Here the answer
Secretary of State Hillary Clinton’s expected signing of the United
Nations’ Arms Trade Treaty has once again raised the question of whether
the terms of a treaty can take precedence over—even nullify—the rights
acknowledged and secured by the Constitution of the United States.
For decades, apostles of one-world government have endeavored to
convince the American people that treaties, rather than the
Constitution, embody the supreme law of the land. In 1952, Secretary of
State and Council on Foreign Relations member John Foster Dulles told the American Bar Association that “Treaty law can
override the Constitution.” “Treaties for example…can cut across the
rights given the people by their constitutional Bill of Rights.”
But the Supreme Court has more than once decided against the propaganda of the new world order crowd. In the landmark case Reid v Covert,
the Court ruled”…no agreement with a foreign nation can confer power on
the Congress, or on any other branch of Government, which is free from
the restraints of the Constitution.” In short, as “[the Supreme] Court
has regularly and uniformly recognized the supremacy of the Constitution
over a treaty,” the Constitution remains the supreme law of the land,
and treaties may neither supplant nor amend it.
However, treaty articles have been willfully applied in the U.S.
regardless of constitutional requirements or Supreme Court decisions. A
century ago, Theodore Roosevelt signed and implemented the terms of a
treaty “..for two years before the Senate acted.” He later stated
that he “…would have continued it until the end of [his] term, if
necessary, without any action by Congress.” Roosevelt claimed, “the
Constitution did not explicitly give me power to bring about the
necessary agreement with Santo Domingo. But the Constitution did not
forbid my doing what I did.” (3)
Would a re-elected Obama follow Roosevelt’s example by pressing the
Arms Trade Treaty on the American public? Certainly, the Eric Holder Department of Justice would have no compunction about enforcing this latest of Obama’s unconstitutional schemes to undermine the 2nd Amendment.
And how could the combined might and authority of the executive branch
be prevented from exploiting the terms of this document in a federal
assault on the right to keep and bear arms?
The Reid Court
wrote that “…an international accord that is inconsistent with the U.S.
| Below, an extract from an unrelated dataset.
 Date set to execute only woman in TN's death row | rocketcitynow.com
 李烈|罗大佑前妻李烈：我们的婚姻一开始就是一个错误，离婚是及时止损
Constitution is void under domestic U.S. law, the same as any other
federal law in conflict with the Constitution.” But if Barack Obama was
willing to inflict the unconstitutional terms of a treaty on the
American people, he would certainly be willing to ignore any Court
ruling that sought to prevent it.
Though Congress has the authority to nullify a treaty legislatively
and federal courts have the power to overturn any unconstitutional
terms, the American public has learned that neither of these
institutions can be trusted with the defense of the Constitution or the
rights it secures. Should Barack Obama win re-election, it will be up to
the people to defend their 2nd Amendment rights. And that could make for a very messy affair.